***** Input *****

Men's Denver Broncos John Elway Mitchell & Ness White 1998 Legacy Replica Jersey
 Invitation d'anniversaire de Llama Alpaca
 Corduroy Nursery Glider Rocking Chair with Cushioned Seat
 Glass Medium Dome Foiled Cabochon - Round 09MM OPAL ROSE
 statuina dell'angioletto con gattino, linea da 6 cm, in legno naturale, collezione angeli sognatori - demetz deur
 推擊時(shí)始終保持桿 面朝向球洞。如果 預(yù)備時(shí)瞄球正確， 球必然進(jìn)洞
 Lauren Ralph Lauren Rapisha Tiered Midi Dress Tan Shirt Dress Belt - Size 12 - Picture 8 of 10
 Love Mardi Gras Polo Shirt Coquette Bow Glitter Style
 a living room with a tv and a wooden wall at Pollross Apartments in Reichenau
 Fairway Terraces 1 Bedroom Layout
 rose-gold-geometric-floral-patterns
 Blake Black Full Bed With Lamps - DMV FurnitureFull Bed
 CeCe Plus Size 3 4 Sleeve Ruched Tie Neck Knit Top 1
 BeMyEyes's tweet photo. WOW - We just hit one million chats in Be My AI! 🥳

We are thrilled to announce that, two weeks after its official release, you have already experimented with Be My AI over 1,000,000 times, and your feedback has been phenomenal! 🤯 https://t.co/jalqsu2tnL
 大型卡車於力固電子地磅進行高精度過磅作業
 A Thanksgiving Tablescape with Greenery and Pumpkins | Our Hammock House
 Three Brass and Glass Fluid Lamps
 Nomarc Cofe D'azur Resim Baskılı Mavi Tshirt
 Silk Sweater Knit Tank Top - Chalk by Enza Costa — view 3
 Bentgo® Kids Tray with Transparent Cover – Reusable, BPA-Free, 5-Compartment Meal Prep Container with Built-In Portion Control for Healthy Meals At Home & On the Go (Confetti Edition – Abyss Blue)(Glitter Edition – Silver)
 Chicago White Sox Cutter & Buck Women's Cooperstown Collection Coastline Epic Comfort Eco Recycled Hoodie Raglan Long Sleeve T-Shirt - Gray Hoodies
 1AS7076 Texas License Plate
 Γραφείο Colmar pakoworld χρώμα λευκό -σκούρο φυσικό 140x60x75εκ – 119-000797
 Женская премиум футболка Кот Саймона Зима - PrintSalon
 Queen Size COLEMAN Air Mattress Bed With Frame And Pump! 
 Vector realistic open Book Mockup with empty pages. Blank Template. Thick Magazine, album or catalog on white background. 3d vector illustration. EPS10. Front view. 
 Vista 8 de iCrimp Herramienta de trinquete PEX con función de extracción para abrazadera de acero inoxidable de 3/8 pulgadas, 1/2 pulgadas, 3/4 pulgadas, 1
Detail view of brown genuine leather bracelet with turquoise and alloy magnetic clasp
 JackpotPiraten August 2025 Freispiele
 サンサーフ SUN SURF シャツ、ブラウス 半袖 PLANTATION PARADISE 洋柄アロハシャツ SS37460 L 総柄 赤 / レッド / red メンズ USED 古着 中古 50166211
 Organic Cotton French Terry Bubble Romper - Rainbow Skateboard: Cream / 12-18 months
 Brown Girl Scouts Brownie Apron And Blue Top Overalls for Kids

*****

Beginning at the top of the data, extract each line through the line containing "Queen Size COLEMAN" and return those lines exactly, with nothing added.

Men's Denver Broncos John Elway Mitchell & Ness White 1998 Legacy Replica Jersey
 Invitation d'anniversaire de Llama Alpaca
 Corduroy Nursery Glider Rocking Chair with Cushioned Seat
 Glass Medium Dome Foiled Cabochon - Round 09MM OPAL ROSE
 statuina dell'angioletto con gattino, linea da 6 cm, in legno naturale, collezione angeli sognatori - demetz deur
 推擊時(shí)始終保持桿 面朝向球洞。如果 預(yù)備時(shí)瞄球正確， 球必然進(jìn)洞
 Lauren Ralph Lauren Rapisha Tiered Midi Dress Tan Shirt Dress Belt - Size 12 - Picture 8 of 10
 Love Mardi Gras Polo Shirt Coquette Bow Glitter Style
 a living room with a tv and a wooden wall at Pollross Apartments in Reichenau
 Fairway Terraces 1 Bedroom Layout
 rose-gold-geometric-floral-patterns
 Blake Black Full Bed With Lamps - DMV FurnitureFull Bed
 CeCe Plus Size 3 4 Sleeve Ruched Tie Neck Knit Top 1
 BeMyEyes's tweet photo. WOW - We just hit one million chats in Be My AI! 🥳

We are thrilled to announce that, two weeks after its official release, you have already experimented with Be My AI over 1,000,000 times, and your feedback has been phenomenal! 🤯 https://t.co/jalqsu2tnL
 大型卡車於力固電子地磅進行高精度過磅作業
 A Thanksgiving Tablescape with Greenery and Pumpkins | Our Hammock House
 Three Brass and Glass Fluid Lamps
 Nomarc Cofe D'azur Resim Baskılı Mavi Tshirt
 Silk Sweater Knit Tank Top - Chalk by Enza Costa — view 3
 Bentgo® Kids Tray with Transparent Cover – Reusable, BPA-Free, 5-Compartment Meal Prep Container with Built-In Portion Control for Healthy Meals At Home & On the Go (Confetti Edition – Abyss Blue)(Glitter Edition – Silver)
 Chicago White Sox Cutter & Buck Women's Cooperstown Collection Coastline Epic Comfort Eco Recycled Hoodie Raglan Long Sleeve T-Shirt - Gray Hoodies
 1AS7076 Texas License Plate
 Γραφείο Colmar pakoworld χρώμα λευκό -σκούρο φυσικό 140x60x75εκ – 119-000797
 Женская премиум футболка Кот Саймона Зима - PrintSalon
 Queen Size COLEMAN Air Mattress Bed With Frame And Pump! 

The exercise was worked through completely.